JAKARTA, ILLINI NEWS – Setiap generasi memiliki permasalahan dan tantangannya masing-masing. Namun, Generasi Z dan Milenial dikenal sebagai dua kelompok yang menjadi lebih miskin lebih cepat dibandingkan generasi lainnya, karena mereka kurang memiliki kecenderungan untuk menabung dan cenderung melakukan pembelanjaan “secara tidak langsung”. Apa itu “Biaya Kiamat”?
Menurut ILLINI NEWS Make It, sebagian besar Generasi Z dan Milenial menghabiskan uang untuk membeli barang-barang mewah dan liburan daripada menabung.
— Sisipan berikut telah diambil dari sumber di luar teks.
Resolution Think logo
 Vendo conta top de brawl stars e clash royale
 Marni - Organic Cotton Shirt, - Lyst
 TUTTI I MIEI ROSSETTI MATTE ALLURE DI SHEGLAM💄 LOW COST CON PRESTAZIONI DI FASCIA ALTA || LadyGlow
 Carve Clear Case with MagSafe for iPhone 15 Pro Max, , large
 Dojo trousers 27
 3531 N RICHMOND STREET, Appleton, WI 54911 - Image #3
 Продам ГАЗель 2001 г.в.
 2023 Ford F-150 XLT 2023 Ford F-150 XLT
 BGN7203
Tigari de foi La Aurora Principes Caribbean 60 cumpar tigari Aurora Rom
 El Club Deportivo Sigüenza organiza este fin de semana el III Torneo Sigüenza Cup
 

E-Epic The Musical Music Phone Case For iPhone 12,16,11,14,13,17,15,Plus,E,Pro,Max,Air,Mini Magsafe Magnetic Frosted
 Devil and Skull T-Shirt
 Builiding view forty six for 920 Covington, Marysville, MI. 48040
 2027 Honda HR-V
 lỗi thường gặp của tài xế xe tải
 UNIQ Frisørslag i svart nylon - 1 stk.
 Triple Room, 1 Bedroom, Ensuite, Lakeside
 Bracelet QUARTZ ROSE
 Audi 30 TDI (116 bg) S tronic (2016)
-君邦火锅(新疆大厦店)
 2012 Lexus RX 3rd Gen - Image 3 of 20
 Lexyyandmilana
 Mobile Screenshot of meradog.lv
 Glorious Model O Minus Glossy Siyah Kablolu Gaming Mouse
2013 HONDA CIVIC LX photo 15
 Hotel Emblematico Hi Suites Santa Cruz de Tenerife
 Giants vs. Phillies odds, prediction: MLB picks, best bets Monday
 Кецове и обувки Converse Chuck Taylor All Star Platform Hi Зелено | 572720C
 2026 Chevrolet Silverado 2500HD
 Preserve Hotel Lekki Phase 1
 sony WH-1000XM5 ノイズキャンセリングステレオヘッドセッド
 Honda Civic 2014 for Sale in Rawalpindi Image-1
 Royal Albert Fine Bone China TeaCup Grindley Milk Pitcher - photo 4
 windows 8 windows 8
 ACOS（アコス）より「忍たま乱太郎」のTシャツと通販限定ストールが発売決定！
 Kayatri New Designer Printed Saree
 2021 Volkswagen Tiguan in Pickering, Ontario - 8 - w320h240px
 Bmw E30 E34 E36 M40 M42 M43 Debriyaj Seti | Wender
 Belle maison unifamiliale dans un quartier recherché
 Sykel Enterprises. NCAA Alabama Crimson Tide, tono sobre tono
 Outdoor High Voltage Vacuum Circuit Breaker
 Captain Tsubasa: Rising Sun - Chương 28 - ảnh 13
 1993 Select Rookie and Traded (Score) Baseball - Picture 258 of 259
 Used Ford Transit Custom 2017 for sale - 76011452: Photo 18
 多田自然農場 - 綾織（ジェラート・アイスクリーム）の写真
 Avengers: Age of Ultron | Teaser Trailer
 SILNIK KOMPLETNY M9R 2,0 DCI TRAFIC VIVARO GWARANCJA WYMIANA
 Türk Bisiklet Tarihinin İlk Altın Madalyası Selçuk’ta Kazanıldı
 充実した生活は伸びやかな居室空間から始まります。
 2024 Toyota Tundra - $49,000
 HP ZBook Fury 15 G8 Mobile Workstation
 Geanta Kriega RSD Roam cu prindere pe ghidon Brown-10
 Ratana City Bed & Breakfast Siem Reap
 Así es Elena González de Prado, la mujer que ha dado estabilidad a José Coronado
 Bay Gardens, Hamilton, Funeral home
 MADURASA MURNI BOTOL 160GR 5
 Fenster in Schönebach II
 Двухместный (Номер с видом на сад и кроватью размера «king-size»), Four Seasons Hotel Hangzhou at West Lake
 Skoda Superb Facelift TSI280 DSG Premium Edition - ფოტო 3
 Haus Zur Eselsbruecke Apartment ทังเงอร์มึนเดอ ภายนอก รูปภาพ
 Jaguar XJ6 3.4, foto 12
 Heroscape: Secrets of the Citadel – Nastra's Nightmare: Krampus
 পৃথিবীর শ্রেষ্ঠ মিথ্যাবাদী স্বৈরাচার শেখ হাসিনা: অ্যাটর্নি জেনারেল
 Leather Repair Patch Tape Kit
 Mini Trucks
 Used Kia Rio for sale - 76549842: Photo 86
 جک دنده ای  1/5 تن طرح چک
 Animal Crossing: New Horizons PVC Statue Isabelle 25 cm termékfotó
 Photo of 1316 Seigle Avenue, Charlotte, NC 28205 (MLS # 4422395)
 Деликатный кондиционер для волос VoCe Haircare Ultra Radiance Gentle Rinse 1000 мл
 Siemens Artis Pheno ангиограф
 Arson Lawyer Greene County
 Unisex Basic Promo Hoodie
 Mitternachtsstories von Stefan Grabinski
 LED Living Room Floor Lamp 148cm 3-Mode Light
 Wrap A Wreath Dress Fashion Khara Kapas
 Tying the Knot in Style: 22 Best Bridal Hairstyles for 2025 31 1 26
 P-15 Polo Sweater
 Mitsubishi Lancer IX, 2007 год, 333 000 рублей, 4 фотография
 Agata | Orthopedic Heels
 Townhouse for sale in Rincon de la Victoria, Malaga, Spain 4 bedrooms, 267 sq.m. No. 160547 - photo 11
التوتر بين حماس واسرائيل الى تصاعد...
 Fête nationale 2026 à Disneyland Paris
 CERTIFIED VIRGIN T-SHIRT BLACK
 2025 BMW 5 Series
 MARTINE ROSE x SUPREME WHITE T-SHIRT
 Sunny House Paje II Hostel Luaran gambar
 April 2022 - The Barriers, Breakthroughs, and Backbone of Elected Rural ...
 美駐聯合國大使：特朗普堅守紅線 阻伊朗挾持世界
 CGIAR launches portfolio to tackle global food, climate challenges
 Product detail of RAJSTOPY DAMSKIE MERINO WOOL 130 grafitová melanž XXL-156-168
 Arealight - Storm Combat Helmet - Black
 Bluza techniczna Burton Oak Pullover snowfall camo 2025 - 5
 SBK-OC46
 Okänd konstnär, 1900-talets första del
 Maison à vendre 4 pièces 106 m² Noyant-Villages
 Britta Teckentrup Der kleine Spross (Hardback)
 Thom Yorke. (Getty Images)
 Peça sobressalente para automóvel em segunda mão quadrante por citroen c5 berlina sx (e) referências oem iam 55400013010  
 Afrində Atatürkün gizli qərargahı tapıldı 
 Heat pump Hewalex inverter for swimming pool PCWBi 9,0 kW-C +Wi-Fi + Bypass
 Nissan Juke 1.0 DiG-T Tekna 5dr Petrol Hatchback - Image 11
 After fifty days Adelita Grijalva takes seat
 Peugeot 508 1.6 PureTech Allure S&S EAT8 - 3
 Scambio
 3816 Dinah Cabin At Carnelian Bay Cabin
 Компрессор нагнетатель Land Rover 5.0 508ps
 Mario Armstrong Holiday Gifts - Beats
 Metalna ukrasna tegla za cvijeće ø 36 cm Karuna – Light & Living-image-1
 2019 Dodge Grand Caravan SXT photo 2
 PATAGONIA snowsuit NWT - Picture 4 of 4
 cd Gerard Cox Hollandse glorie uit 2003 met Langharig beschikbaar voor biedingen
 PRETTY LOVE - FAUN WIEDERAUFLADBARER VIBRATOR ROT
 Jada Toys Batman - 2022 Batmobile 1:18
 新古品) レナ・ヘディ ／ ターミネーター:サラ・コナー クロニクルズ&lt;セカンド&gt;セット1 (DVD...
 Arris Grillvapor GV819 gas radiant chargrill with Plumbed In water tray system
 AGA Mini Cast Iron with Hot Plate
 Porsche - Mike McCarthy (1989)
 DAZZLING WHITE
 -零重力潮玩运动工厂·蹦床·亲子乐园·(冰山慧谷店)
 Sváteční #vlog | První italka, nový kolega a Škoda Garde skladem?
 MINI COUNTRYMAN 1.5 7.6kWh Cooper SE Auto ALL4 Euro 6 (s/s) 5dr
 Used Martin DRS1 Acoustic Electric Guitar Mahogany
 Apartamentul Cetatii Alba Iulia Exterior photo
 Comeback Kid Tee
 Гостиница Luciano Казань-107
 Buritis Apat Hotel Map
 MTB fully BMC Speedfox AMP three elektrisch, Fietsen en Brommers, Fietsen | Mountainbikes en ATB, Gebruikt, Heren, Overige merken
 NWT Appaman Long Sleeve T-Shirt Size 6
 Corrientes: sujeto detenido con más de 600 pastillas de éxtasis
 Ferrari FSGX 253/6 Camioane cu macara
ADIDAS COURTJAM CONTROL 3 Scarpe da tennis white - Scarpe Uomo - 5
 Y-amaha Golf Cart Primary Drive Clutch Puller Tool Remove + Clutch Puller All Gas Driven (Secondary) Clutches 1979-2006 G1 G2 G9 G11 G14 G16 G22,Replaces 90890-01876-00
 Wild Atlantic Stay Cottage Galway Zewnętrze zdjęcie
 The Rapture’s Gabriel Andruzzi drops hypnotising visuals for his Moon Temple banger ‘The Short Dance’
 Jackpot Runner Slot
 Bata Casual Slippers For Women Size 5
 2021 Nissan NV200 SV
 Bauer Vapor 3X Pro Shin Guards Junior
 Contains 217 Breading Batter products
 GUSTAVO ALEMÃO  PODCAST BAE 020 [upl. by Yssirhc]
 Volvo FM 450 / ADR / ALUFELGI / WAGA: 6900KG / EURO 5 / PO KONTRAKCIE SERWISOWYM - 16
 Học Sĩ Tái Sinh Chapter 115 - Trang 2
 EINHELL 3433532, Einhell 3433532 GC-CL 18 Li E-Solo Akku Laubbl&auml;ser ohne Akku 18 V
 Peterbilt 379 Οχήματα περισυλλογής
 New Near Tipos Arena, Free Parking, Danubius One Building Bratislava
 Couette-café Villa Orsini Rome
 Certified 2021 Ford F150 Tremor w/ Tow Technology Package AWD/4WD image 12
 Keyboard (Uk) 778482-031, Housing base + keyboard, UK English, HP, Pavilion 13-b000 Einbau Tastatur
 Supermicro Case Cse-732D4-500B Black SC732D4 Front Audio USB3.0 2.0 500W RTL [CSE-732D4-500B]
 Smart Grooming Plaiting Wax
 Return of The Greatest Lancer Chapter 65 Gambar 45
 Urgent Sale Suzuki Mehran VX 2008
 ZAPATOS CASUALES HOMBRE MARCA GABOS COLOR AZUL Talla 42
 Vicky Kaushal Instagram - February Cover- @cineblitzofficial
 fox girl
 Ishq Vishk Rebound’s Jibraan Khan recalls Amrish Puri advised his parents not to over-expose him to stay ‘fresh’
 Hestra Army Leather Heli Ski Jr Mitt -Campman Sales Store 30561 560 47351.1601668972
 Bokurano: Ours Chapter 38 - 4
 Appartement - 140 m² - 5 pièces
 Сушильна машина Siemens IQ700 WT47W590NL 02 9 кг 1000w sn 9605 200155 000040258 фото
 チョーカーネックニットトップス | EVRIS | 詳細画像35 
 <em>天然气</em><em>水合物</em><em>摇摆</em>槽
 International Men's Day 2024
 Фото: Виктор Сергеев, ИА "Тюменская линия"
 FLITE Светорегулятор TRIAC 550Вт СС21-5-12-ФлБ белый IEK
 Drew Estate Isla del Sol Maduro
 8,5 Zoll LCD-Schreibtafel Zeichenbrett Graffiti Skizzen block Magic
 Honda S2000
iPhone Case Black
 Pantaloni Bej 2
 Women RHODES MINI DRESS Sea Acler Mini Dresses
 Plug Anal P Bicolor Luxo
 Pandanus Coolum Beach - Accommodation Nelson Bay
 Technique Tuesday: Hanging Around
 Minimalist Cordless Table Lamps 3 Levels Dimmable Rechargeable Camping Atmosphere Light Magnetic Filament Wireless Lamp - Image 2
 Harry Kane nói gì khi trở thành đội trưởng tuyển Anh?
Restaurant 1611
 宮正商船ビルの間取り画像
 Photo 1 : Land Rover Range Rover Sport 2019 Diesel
Menurut Psychology Today, ini adalah pembelian impulsif untuk menenangkan diri karena perasaan pesimistis terhadap perekonomian dan masa depan, yang identik dengan “belanja tidak langsung”.
Ylva Backström, dosen senior bidang keuangan di King’s Business School dan mantan bankir, mengungkapkan bahwa “biaya tidak langsung” tidak sehat dan mematikan. Tak heran jika Beckstrom diterpa kabar buruk lewat media sosial.
“Mereka mengira dunia akan segera berakhir,” kata Beckstrom, Minggu (8/12/2024). “Kemudian anak-anak muda ini mengubah perasaan buruk tersebut menjadi kebiasaan berbelanja yang buruk,” tambahnya.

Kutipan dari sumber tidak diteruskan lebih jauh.